Devant l’hôtel de police de Noailles, une plaque de la Ville cite le nom de la famille Régis, son ancien propriétaire, qui fait l’objet à elle seule de trois pages du guide. Au XIXe siècle, elle est soupçonnée d’avoir bâti sa fortune notamment sur le commerce d’esclaves, et a continué à “fournir” des “engagés volontaires” africains, y compris des enfants, pour les plantations des Antilles même après l’abolition en 1848.

Le Grand hôtel avait été bâti par la famille Régis. (Photo : LC)

Plus bas on croisera le siège de la banque Talabot, rue Saint-Ferréol, et celui de l’ancien Crédit foncier d’Algérie et de Tunisie, au n°15 de la Canebière. Créé en 1880, sa mission était, nous explique le guide, “l’octroi de prêts hypothécaires pour faciliter la colonisation agricole de l’Algérie”. La promenade s’achève face au palais de la Bourse. Le siège historique de la chambre de commerce a sur son fronton les noms de grands explorateurs et contient toujours, même après s’être séparée d’une partie de ses fonds, de nombreux objets et documents liés à l’opulence coloniale du commerce marseillais de l’époque.

“Rencontrer” enfin l’histoire

Dans notre dos, la place Charles-de-Gaulle. Le guide évoque l’homme d’État selon le prisme des indépendances accordées aux colonies, mais aussi du discours qu’il a tenu à Marseille en 1961 au sujet de l’Algérie, ouvrant la porte à un État algérien, non sans “contreparties”. Début, estiment les auteurs, du néo-colonialisme, “qui nous fait croire que la colonisation n’existe plus alors que l’influence de la France en Afrique a continué”, déplore Zohra.

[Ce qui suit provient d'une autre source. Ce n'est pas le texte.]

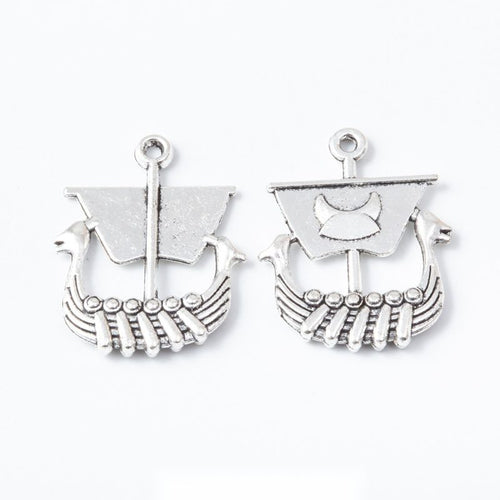 Product view of Viking longship charm showing a Viking-style longship with a square sail, curved hull, rows of oars, and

Quelques centaines de mètres banals pour une plongée déjà profonde dans les entrailles d’une histoire peu ou mal connue. Le collectif démarre ces jours-ci une tournée de présentation du livre à Marseille et ailleurs et prévoit des interventions pédagogiques auprès de publics jeunes. Avec toujours cette volonté de soulever les tabous et de lancer le débat. “S’il y a des Algériens, des Marocains, des Antillais et des Sénégalais à Marseille, ce n’est pas par hasard, mais par rapport à une histoire, qui est l’Histoire de France, pose notre accompagnatrice. Une partie de cette histoire est insupportable, scandaleuse et il faut que tout le monde puisse la rencontrer.”

Le guide du Marseille colonial est sorti le 1er septembre aux Editions Syllepse / La courte échelle éditions.transit. Il s’accompagne d’un site internet où des billets complémentaires seront postés régulièrement. Les auteurs présenteront l’ouvrage à la librairie Transit le mardi 6 septembre à 19 h.